As often happens when Neil reunites with The Horse, he sounds younger than he has in many years. In fact, they actually manage to sound younger on Americana than they did on the last Crazy Horse album, 1996's ethereal and serene Broken Arrow. Americana is young and hungry, overflowing with classic Crazy Horse tropes that retain unexpected precision. Punchy, powerful songs such as "High Flyin' Bird" and "Travel On" genuinely might as well have been lifted from 1975's Zuma or 1977's American Stars 'N' Bars. The instrumentations are crisp and unbashful. The voice of the world-weary but warm-hearted old man that permeated all of Neil's 00s records and some his 90s ones too, is dead and buried in the ferocious articulation of Americana's various anthems. Even The Horse sounds younger than they did last; providing immaculate harmonies as strong as their timeless vocal contributions to "Dangerbird" and "Hey Hey My My."
In archetypal Neil fashion, this is an album that simultaneously sounds exactly like what you've heard him do before -- AND it's a preposterous new-fangled concept you never could have imagined Neil doing in a billion years. It's an album entirely of very old songs, most of them traditional folk songs. But they're not played like cover songs, they're given brand new Crazy Horse instrumentations and sincerely original melodies. It's astounding, but even humdrum standards like "Oh Susannah" and "Clementine" become these ecstatically groovy, picture-perfect, fist pumping Crazy Horse anthems that completely belong to Neil.

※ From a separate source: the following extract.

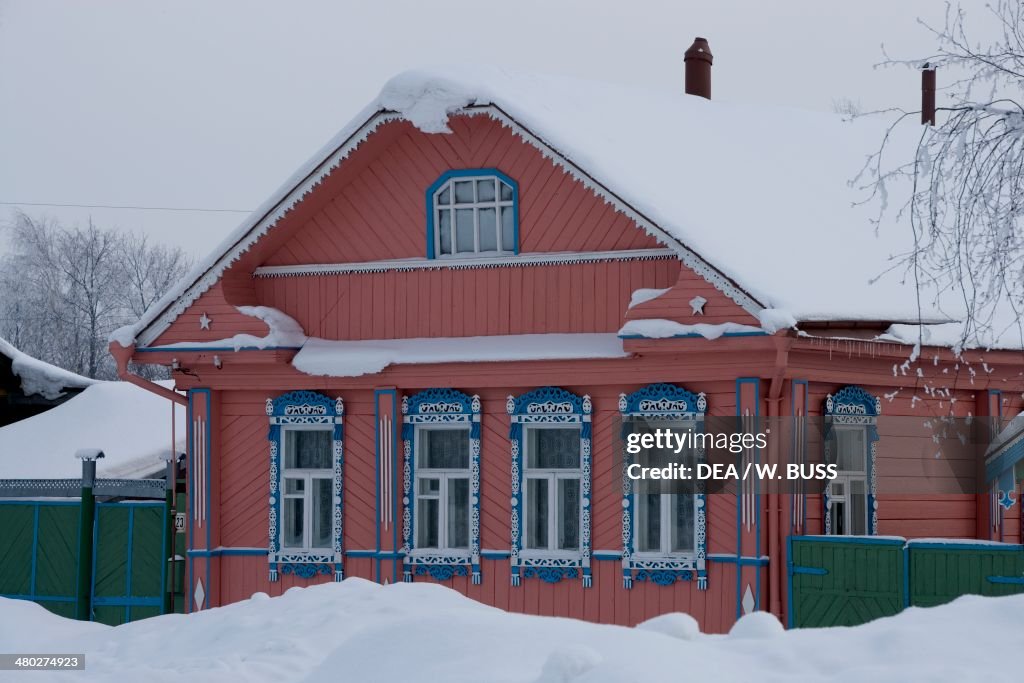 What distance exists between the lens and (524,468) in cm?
1397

Some fans are disappointed that these aren't original Neil compositions, but I see that as a slightly vain appreciation of the situation. Neil may not have copyright over these tracks, but he invented their instrumentations and their melodies, and he chose nothing but songs that sounds as much like Neil as Neil himself does. Each one is absolutely soaked in classic "Neil lore."
Every single thing on here might as well be a Neil original. Even "God Save The Queen," whose awkward political anthemia would feel comfortably at home alongside America The Beautiful on Neil's 2006 record Living With War, and that's the least of them. "Travel On" borrows the wayward drifting theme from a dozen obscure Neil album cuts ("The Wayward Wind," "This Town," "Four Strong Winds"), adds the leery stumbling of "Roll Another Number (For The Road)," equips it with the down-home trot of "Everybody Knows This is Nowhere" and the feel-good repetition of "Homegrown," and you have one of the most perfectly archetypal Neil tunes in existence.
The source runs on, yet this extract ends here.